NEW BRITAIN – By day, city detective Brian Shea deals with some of the New Britain Police Department’s most heart-wrenching cases.
As a member of the Youth Bureau his job is to investigate crimes against children, primarily focusing on sexual assaults.
But in the early morning hours and in the time after his family has gone to bed, Shea has spent months feeding his other passion as he penned the story of three individuals at the breaking point whose lives intersect with potentially calamitous results.
His first book “The Camel’s Back” was released on Amazon.com Thursday.
It’s an action thriller that he hopes will appeal to a wide audience, the 44-year-old detective said.
“I tried to make my characters very real and the problems that they deal with very real,” said the former teacher and Naval officer who joined the New Britain Police Department in April 2013 after stints in the Wethersfield Police Department and the Georgetown, Texas, Police Department.
The book plays out as the lives of the three main characters collide, giving the reader a view of Shea’s experiences as a Navy lieutenant, urban teacher – he taught in the Frog Hollow section of Hartford from 2008 to 2011 – and police officer with a twist.
After he’s fired following a controversial shooting, officer Declan Enright takes the harrowing step of becoming a bank robber in order to support his family, including his three-year-old Autistic daughter. Federal Bureau of Investigation agent Nicholas Lawrence takes a transfer to the agency’s bank robbery unit in New Haven to care for his mother with dementia. Khaled travels from his small village in Iraq to find closure of an unimaginable loss that haunts his daily existence.
“The real genesis of the story started when I was in the military in 2001,” Shea said. “I started thinking about what makes a terrorist?” he offered as a tease into Khaled’s role in the book. Shea pointed out that U.S. military targets are often hidden in places in foreign countries such as schools or highly populated, so casualties would be high if they were struck.
“What if that happened to me?” Shea said speculating on how he would feel if he lost a loved one because of a military strike. “How would I react to that? Khaled wasn’t born into this hatred, he suffered a tragic event. I don’t think people will necessarily like him, but they may understand a piece of him.”
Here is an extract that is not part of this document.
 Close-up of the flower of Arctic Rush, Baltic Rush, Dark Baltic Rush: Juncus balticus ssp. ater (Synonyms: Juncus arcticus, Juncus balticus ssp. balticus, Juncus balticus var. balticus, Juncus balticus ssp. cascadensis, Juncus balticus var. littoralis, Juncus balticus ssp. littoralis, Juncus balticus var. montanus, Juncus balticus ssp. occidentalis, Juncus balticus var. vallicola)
Shea had been toying with the idea for years but it wasn’t until his teenage daughter challenged him to write the book in August that he went for it, getting up each morning between 4:30 and 5 a.m. to write before going to work and then spending more time writing after his family went to bed. He finished in October.
“It sounds like a terrific story,” said New Britain Police Chief James Wardwell. “I’m not surprised coming from someone like Brian. He’s very intelligent and probably one of the most creative people I’ve ever met. He’s got such a varied skill set and he brings so much to the table, he’s a terrific police officer, investigator and teacher. I’m sure he’ll bring that type of excellence to his writing.”
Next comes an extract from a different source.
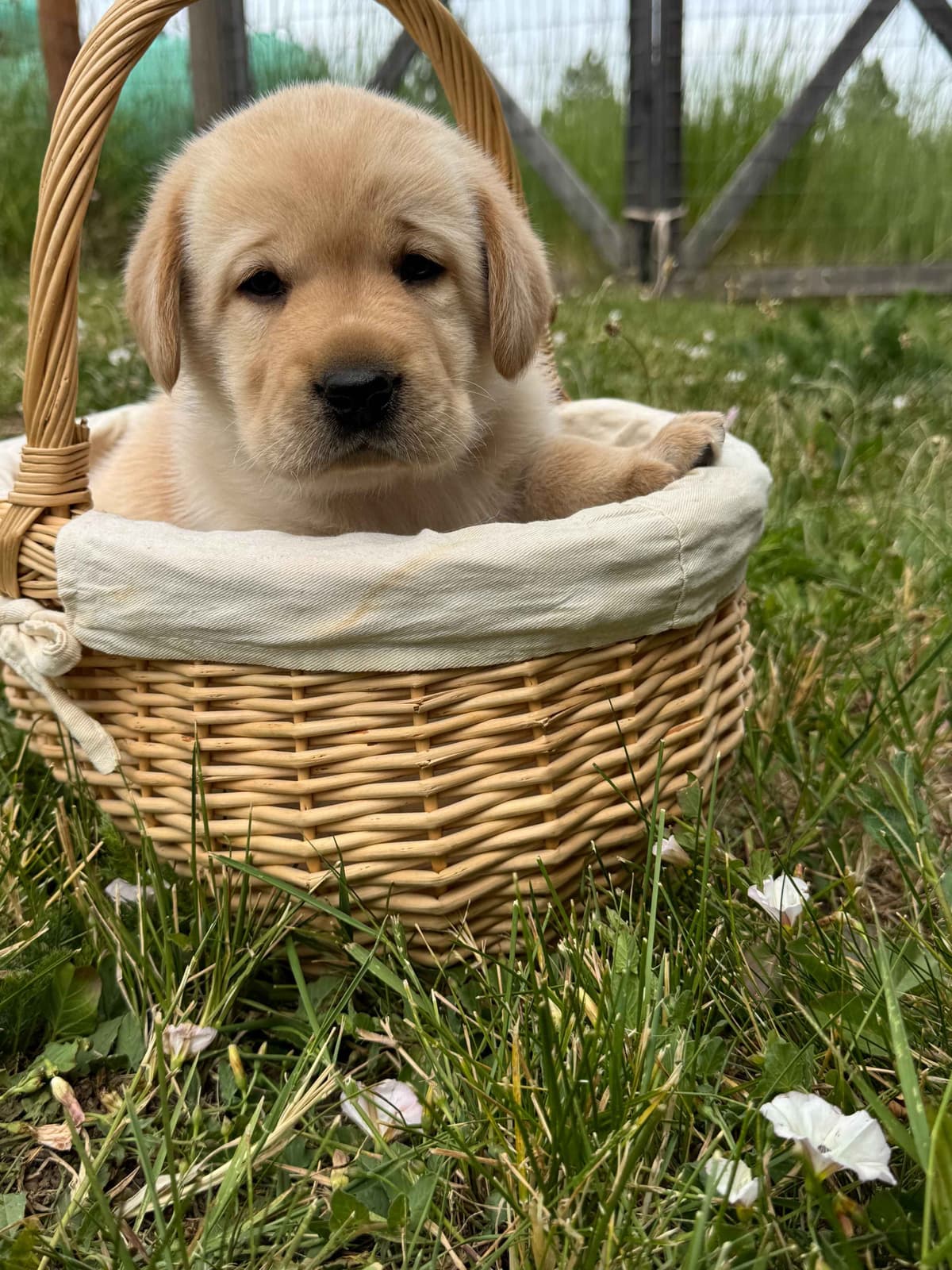 Labrador Retriever Puppies breeder image 8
Shea is already set to start work on the second and third novel in the series, “The Lion’s Mouth,” and “The Rabbit’s Hole,” which will be published later this year. He also is working on adapting “The Camel’s Back” as a screenplay.
“I think the readers in Connecticut will enjoy the launch point of the book, which opens in Wethersfield,” Shea said. “It is an action thriller but at its core, it’s a story about people.”